Leonardo's drawing of the Vitruvian Man is based on his understanding of the writings of the Roman architect Vitruvius and Vitruvius took his ideas from the Greeks. In Leonardo's drawing the head measured from the forehead to the chin is exactly one tenth of the total height, and the outstretched arms are as wide as the body is tall. Vitruvius linked ideal human proportions to geometry in Book III of his treatise De Architecture, describing the human figure as being the principal source of proportion among Classical orders of architecture. Interestingly Vitruvius set out the ideal body as being be 8 heads high, agreeing with Lysippos rather than Polykleitos. 

These are the actual measures as set out by Vitruvius.
A palm = four fingers
A foot = four palms
A cubit = six palms
Four cubits make a man
A pace is four cubits
A man is 24 palms

As you can see the measures set out by 
Vitruvius are directly related to the Egyptian measurements that were laid down over 2,000 years before. He had to work hard to make some of these relationships work, in De Architecture he advocates a particularly difficult set of movements in order to make the theory fit, "If you open your legs enough that your head is lowered by one-fourteenth of your height and raise your hands enough that your extended fingers touch the line of the top of your head, know that the centre of the extended limbs will be the navel, and the space between the legs will be an equilateral triangle". These could be the directions for a contemporary dance piece or instructions given to an artist for a performative drawing.

These are the proportions that Vitruvius sets out as being ideal.
  • the length of the outspread arms is equal to the height of a man
  • from the hairline to the bottom of the chin is one-tenth of the height of a man
  • from below the chin to the top of the head is one-eighth of the height of a man
  • from above the chest to the top of the head is one-sixth of the height of a man
  • from above the chest to the hairline is one-seventh of the height of a man.
  • the maximum width of the shoulders is a quarter of the height of a man.
  • from the breasts to the top of the head is a quarter of the height of a man.
  • the distance from the elbow to the tip of the hand is a quarter of the height of a man.
  • the distance from the elbow to the armpit is one-eighth of the height of a man.
  • the length of the hand is one-tenth of the height of a man.
  • the root of the penis is at half the height of a man.
  • the foot is one-seventh of the height of a man.
  • from below the foot to below the knee is a quarter of the height of a man.
  • from below the knee to the root of the penis is a quarter of the height of a man.
  • the distances from below the chin to the nose and the eyebrows and the hairline are equal to the ears and to one-third of the face.
    The concept of ratios has endured and the modern architect Le Corbusier came up with his own version of these types of measurements. 

Corbusier's modular man

Le Corbusier developed his version as a visual bridge between two incompatible scales, the imperial and the metric and it was based on the height of a man with his arm raised. This long running relationship between the proportions of the human body and architecture could be symbolised by this drawing below of a design for the floor plan of a church by Francesco di Giorgio Martini.

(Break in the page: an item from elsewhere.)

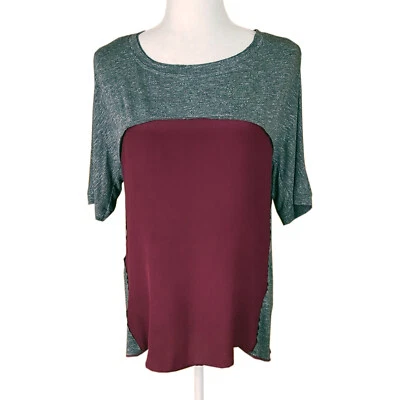 Camiseta Dolan Anthropologie Mixed Media Talla S Gris Borgoña Seda Mangas Cortas Foto 1 de 4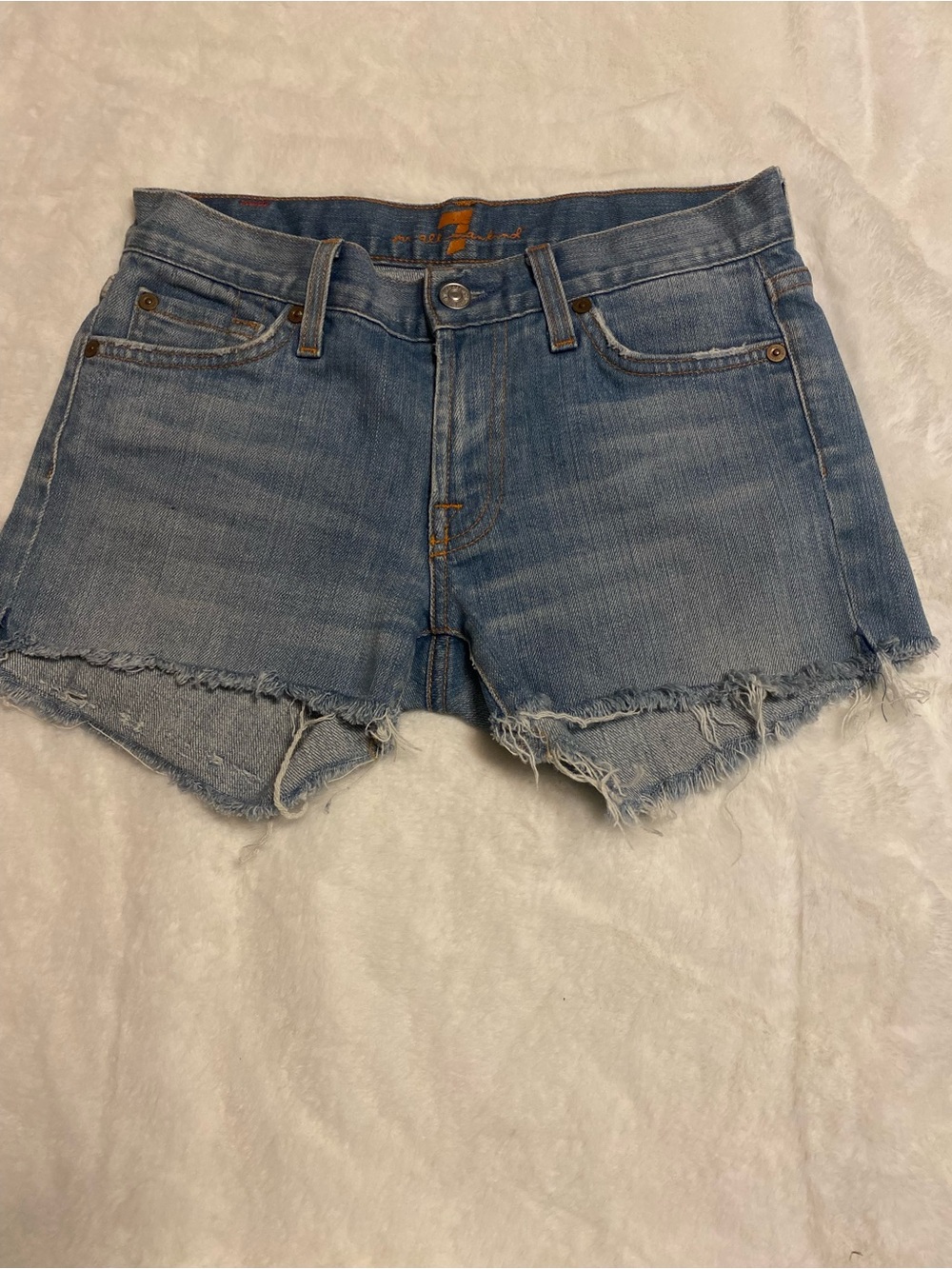 7 For All Mankind Light Wash Frayed Hem Denim Shorts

Francesco di Giorgio Martini

As an artist your work when it is shown will nearly always be shown in a gallery and that gallery will be part of an architectural complex. The architect may well have used a software program to help design the building and that program will have been developed around a grid, or series of grids based along the x, y and z axes. If as an artist you want to respond to the situation the work finds itself in, then you may want to measure the walls and think about the ratios set up by the architect. The doors and windows will have certain proportions and these will intrude on the space your work will be shown in. How might you reflect upon these issues? Would you go as far as contacting the architect and asking to see the original drawings? How would you develop a series of works that are both site specific and conceptually related to these ideas of measurement, ratio, harmony and proportion?
Robert Morris's 'Location Piece' is the first work I ever came across that raised this issue. You hang the work and then set the dials that indicate its position in relation to walls, ceiling and floor. As far as I know it is the only work of his in the Leeds City Art Gallery collection. 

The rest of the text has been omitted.